Cold. Very cold.

Officer Cadet Ledwith blogs from the Royal Military Academy Sandhurst about a challenging outdoor exercise in Wales…

Officer Cadet Ledwith

Officer Cadet Ledwith

As expected, Exercise CRYCHAN’S CHALLENGE was cold. Very cold. After an early start at 0330 on Monday morning, we drew weapons, enjoyed our last non-ration pack meal at breakfast and then loaded onto the coaches for the much-welcomed sleep-filled trip to Sennybridge in Wales – our base for the next five days. On arrival and after securing our kit, we made our way to the woodblock which would house our harbour area, the secure base from which we would conduct our advance to contacts (moving as a platoon until making contact with the enemy and then assaulting the positions discovered), recce patrols (moving covertly at section strength of around 8 men to gather information on the enemy), fighting patrols (a platoon night assault on the positions previously observed) and finally, a company attack on the enemy occupying our area of responsibility (AOR) in Sennybridge. Before this could take place however, we had to dig in our two-man positions, known as ‘shell-scrapes’, in our triangular harbour. Although the frozen ground proved somewhat difficult to break through, we were all glad to be warm from the effort of digging since temperatures were well below freezing and set to drop to -10oC that night. The density of the woodblock we were occupying meant that there was almost no ambient light whatsoever from about 5 o’clock onwards and so the night routine of posting sentries, rest and personal administration had to be conducted by sound and feel alone in order to maintain light discipline. The ‘track plan’ or clear path around the inside of the harbour marked by string is essential in such instances and stopped most, but not all, cases of people crashing through each other’s shell scrapes by accident.

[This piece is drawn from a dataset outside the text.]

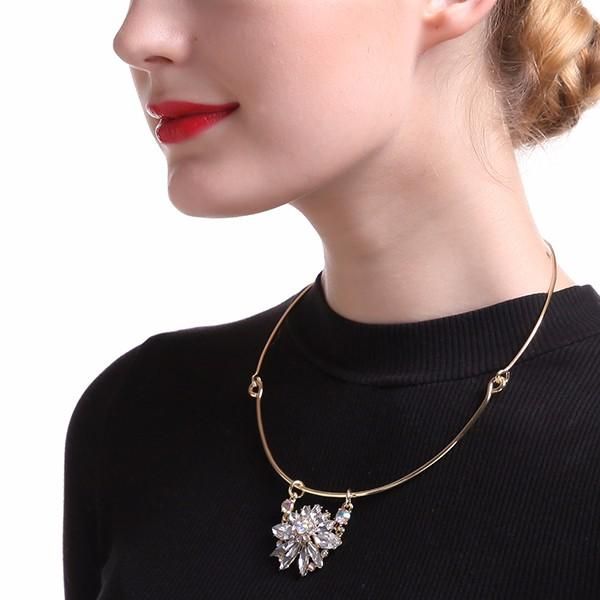 Collar De Oro De Diamantes De Imitación Delicado Con Flor De Cristal Colgante De Estilo De Equilibrio De Moda Para Mujer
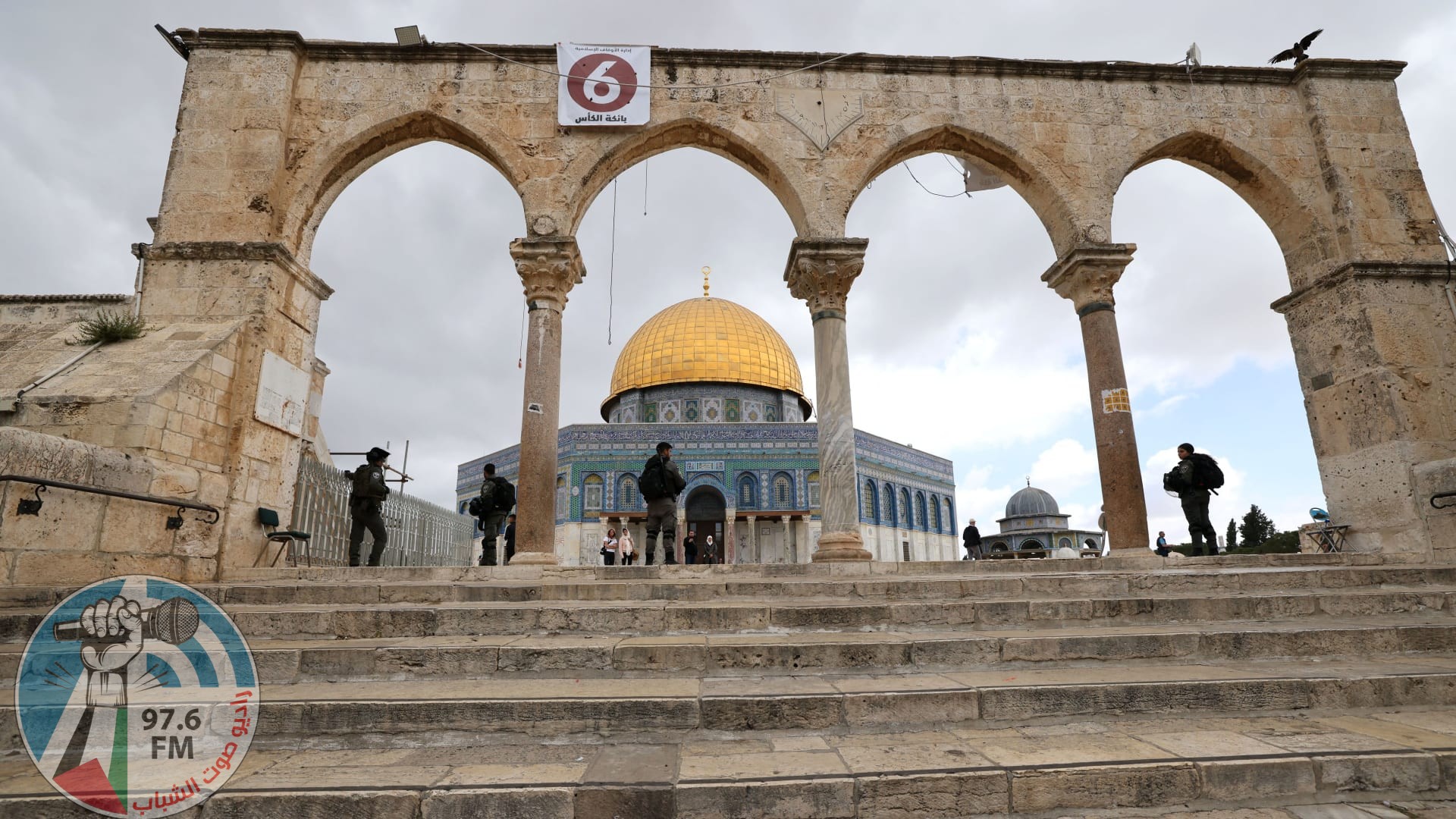 الاحتلال يبعد شابا وسيدة عن المسجد الأقصى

After the most sleep we were likely to get on the exercise of about 4 hours, we awoke to pack everything away into our bergens in order to ‘stand to’, observing outwards in case of enemy attack at a time they would believe us to be vulnerable; first light. Unfortunately, not everyone had managed to pack all of their kit away properly and so as a platoon, we suffered a round of hill-running in kit to negate such future mistakes. After a delicious ration-pack breakfast we were delivered our orders and moved off to begin our advance to contacts for the day. For the second of the three I was given the role of platoon commander and although the attack on the located enemy position and subsequent two ‘depth’ positions was ultimately successful, I have a lot of practice to do before I can be truly effective in the role; ‘more haste, less speed’ sums it up.

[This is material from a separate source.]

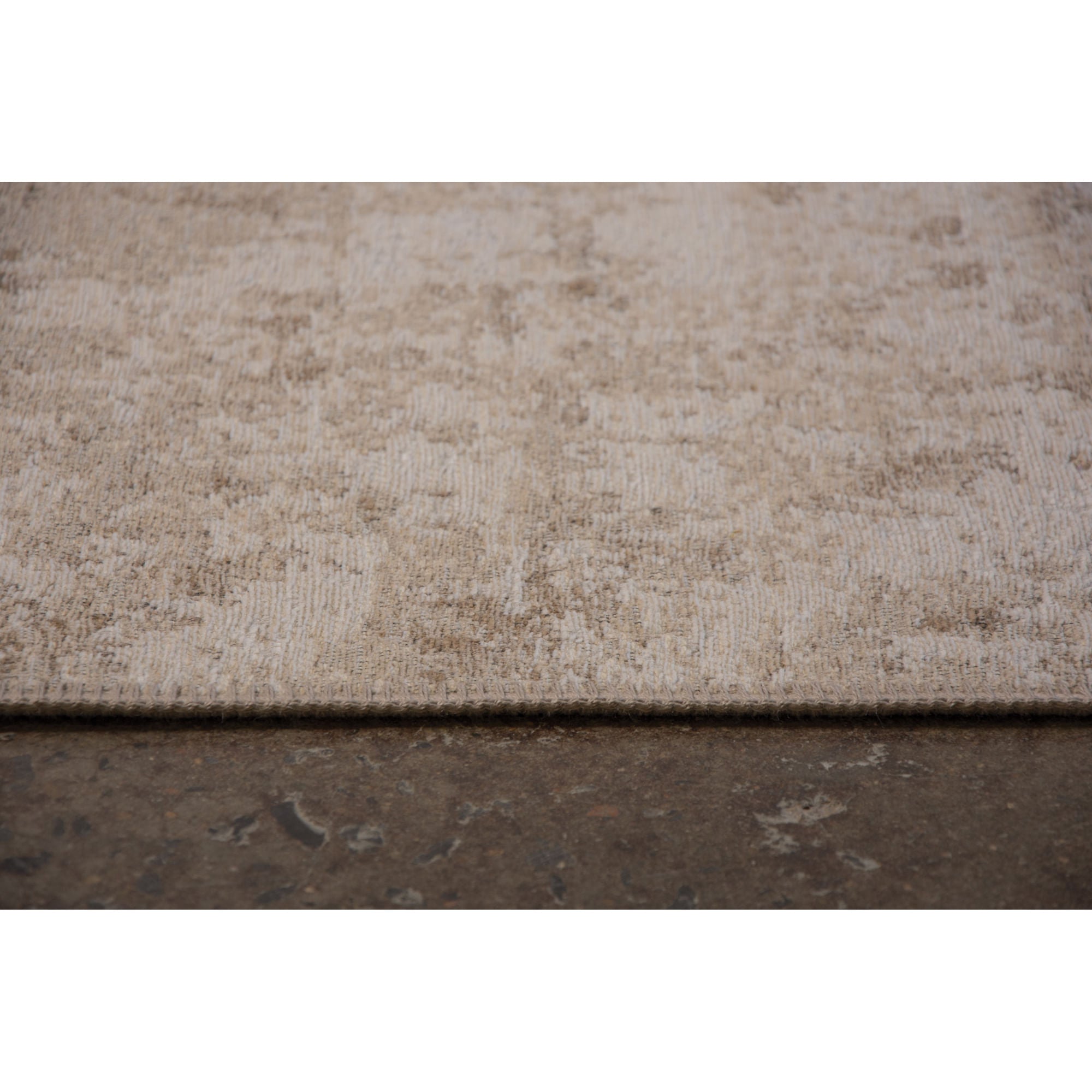 Monrovia - soft rug for adding comfort and warmth to any room | Image 4 | InSTYLE Home & Rugs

That night we conducted the first of our recce patrols on an enemy position and found them to be ill-disciplined but with high morale and mutually supporting positions. After returning to the harbour area and compiling our patrol report, I was able to get 45 minutes sleep in my sleeping bag before we were up again for stand-to (which was much more conscientiously carried out this time) and the morning routine of cleaning our weapons and ourselves, eating and preparing our kit for the day’s advances to contacts. Before we began these, we attended a company field chapel service which included hymns and a sermon and was followed by some morale-boosting chocolates, courtesy of the Padre. It was certainly one of the most interesting and enjoyable services I have ever attended. Then, it was back to the business of clearing the enemy from the area. On the first of the attacks however, I went down and scratched my eye on a single stem of reed (what are the chances?!) but thought that the pain would go and that it would improve quickly. After the second attack where I was given the role of section commander -bursting out of the woodline and through smoke to assault an enemy position- and the third, my eye had still not improved and the pain was increasing. After persuasion from the platoon, I sought a member of the Directing Staff and was driven to Abergavenny A&E where it was discovered that I had a scratched cornea, although my vision was still fine. To my dismay, after returning to Sennybridge camp at 4:00 am I was told that I was being taken back to Sandhurst and that I would not get to see the exercise through to its conclusion. It was gutting, especially considering how trivial the reason for the injury was.

As a result, I missed both the night fighting patrol and the final company attack, which with the inclusion of simulated mortar fire and with three platoons working in unison, I was very sorry not to have played a part in. It was good to get back into the platoon when they had returned to camp despite the pirate comparisons; I had missed being part of the team and I will always regret not having finished the exercise with them. Up until I was no longer allowed to continue, I felt I was learning masses more about command and control at all levels within a platoon and I look forward to getting out into the field again (although without suffering any stupid injuries this time).

Now, we enter our final week of the Junior term and are starting to pack our rooms for the move to New College as well as look forward to the last two events of the Sovereign’s Banner competition, the Communication and Signals test and the Steeplechase.